YAXArrays.jl icon indicating copy to clipboard operation
YAXArrays.jl copied to clipboard

Persisting arrays on disk using zarr backend does not encode data using scale_factor/offset

Open vlevasseur073 opened this issue 9 months ago • 1 comments

Hello, I am processing data stored in zarr format. Most of it are stored on disk encoded following CF conventions. For instance I have a YAXArray

┌ 1500×1200 YAXArray{Union{Missing, Float64}, 2} ┐
├────────────────────────────────────────────────┴───────────────────────────────────────────────────────────────────────────────────────────── dims ┐
  ↓ columns Sampled{Int64} 1:1500 ForwardOrdered Regular Points,
  → rows    Sampled{Int64} 1:1200 ForwardOrdered Regular Points
├────────────────────────────────────────────────────────────────────────────────────────────────────────────────────────────────────────── metadata ┤
  Dict{String, Any} with 10 entries:
  "units"         => "K"
  "name"          => "s7_bt_in"
  "coordinates"   => "latitude longitude x y"
  "short_name"    => "s7_bt_in"
  "add_offset"    => 283.73
  "long_name"     => "gridded pixel brightness temperature for channel s7 (1km TIR grid, nadir view)"
  "missing_value" => -32768
  "scale_factor"  => 0.01
  "standard_name" => "toa_brightness_temperature"
  "_FillValue"    => -32768
├───────────────────────────────────────────────────────────────────────────────────────────────────────────────────────────────────── loaded lazily ┤
  data size: 13.73 MB
└────────────────────────────────────────────────────────────────────────────────────────────────────────────────────────────────────────────────────┘

The underlying data is a CFDiskArray highlighting that the original zarray is Int16

1500×1200 DiskArrayTools.CFDiskArray{Union{Missing, Float64}, 2, Int16, ZArray{Int16, 2, Zarr.BloscCompressor, Zarr.ConsolidatedStore{DirectoryStore}}, Float64}

Chunked: (
    [1500]
    [1200]
)

When I save the data on disk using savecube or savedataset the array is stored as float64, and not encoded/packed in Int16.

For information, the original YAXArray is created with open_dataset from an existing zarr file and correctly decode/unpack the data.
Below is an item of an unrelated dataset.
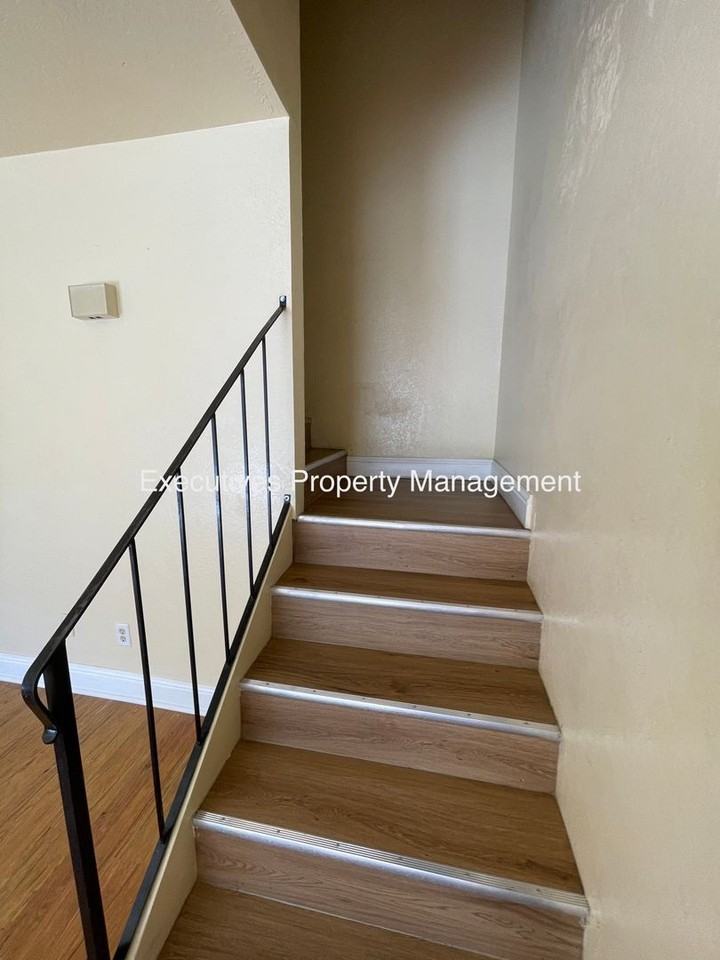 4909 N Winery Cir - Photo 5 of 13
At last, surprisingly (or not), when I read again the persisted file (stored in float64), the scale_factor is not applied twice.

Am I missing any options there ? since DiskArrayTools seems to implement such mechanisms at reading/writing.

Many thanks in advance for your feedbacks! Vincent

vlevasseur073 avatar Feb 27 '25 21:02 vlevasseur073